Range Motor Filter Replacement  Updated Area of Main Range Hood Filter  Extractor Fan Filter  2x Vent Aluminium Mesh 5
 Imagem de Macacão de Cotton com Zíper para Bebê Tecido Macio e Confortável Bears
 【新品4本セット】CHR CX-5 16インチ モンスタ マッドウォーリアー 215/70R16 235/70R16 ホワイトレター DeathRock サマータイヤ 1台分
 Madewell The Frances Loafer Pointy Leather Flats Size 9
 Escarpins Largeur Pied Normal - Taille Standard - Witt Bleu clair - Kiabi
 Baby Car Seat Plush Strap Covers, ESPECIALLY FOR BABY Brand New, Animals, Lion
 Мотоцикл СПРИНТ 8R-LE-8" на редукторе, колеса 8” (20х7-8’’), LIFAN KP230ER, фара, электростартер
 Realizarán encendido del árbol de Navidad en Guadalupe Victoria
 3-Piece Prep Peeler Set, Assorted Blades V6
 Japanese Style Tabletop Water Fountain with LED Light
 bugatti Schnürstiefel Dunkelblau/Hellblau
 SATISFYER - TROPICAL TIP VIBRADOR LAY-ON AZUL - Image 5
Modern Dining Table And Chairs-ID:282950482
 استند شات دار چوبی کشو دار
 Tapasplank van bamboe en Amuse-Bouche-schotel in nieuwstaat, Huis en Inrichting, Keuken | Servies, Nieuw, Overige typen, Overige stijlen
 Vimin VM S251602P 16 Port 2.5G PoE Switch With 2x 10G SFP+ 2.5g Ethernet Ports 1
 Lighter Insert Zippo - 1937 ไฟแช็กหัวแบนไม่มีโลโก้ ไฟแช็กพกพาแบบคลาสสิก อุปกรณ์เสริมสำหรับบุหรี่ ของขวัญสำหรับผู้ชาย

Task to carry out -> Reproduce, word for word, every line starting at the line that contains "Tapasplank van bamboe" and ending with the final line of the entries.

Answer to the exercise ->
 Tapasplank van bamboe en Amuse-Bouche-schotel in nieuwstaat, Huis en Inrichting, Keuken | Servies, Nieuw, Overige typen, Overige stijlen
 Vimin VM S251602P 16 Port 2.5G PoE Switch With 2x 10G SFP+ 2.5g Ethernet Ports 1
 Lighter Insert Zippo - 1937 ไฟแช็กหัวแบนไม่มีโลโก้ ไฟแช็กพกพาแบบคลาสสิก อุปกรณ์เสริมสำหรับบุหรี่ ของขวัญสำหรับผู้ชาย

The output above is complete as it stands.